*REQUIRED WORK*
Output each entry below as it stands, leaving out every picture.

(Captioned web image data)
————————

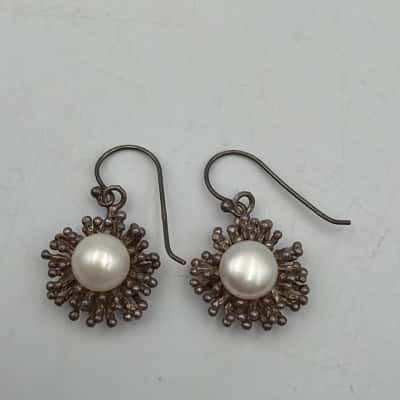 925 Silver Earrings with Pearls 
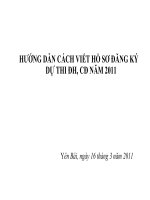 Hướng dẫn làm hồ sơ thi Đại học 2011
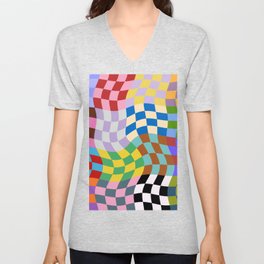 colorful wavy checkerboard V Neck T Shirt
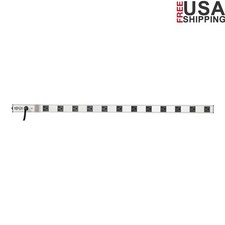 12 Outlet Power Strip 15 Ft Cord Mountable Heavy Duty W/ Circuit Breaker 120 V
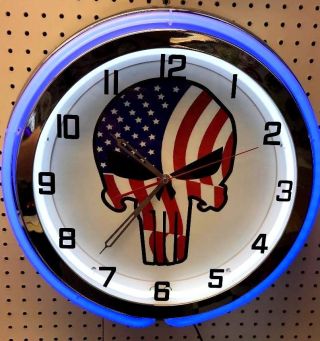 18 " American Punisher Red White & Blue Sign Double Neon Clock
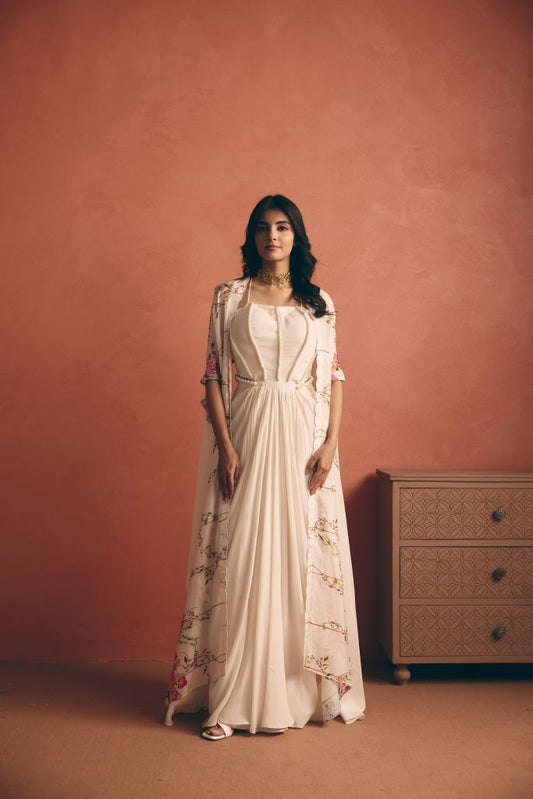 Jar Plant Corset Dress With Armhole Cut Cape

————————

*WRITTEN RESPONSE*
 925 Silver Earrings with Pearls 
 Hướng dẫn làm hồ sơ thi Đại học 2011
 colorful wavy checkerboard V Neck T Shirt
 12 Outlet Power Strip 15 Ft Cord Mountable Heavy Duty W/ Circuit Breaker 120 V
 18 " American Punisher Red White & Blue Sign Double Neon Clock
 Jar Plant Corset Dress With Armhole Cut Cape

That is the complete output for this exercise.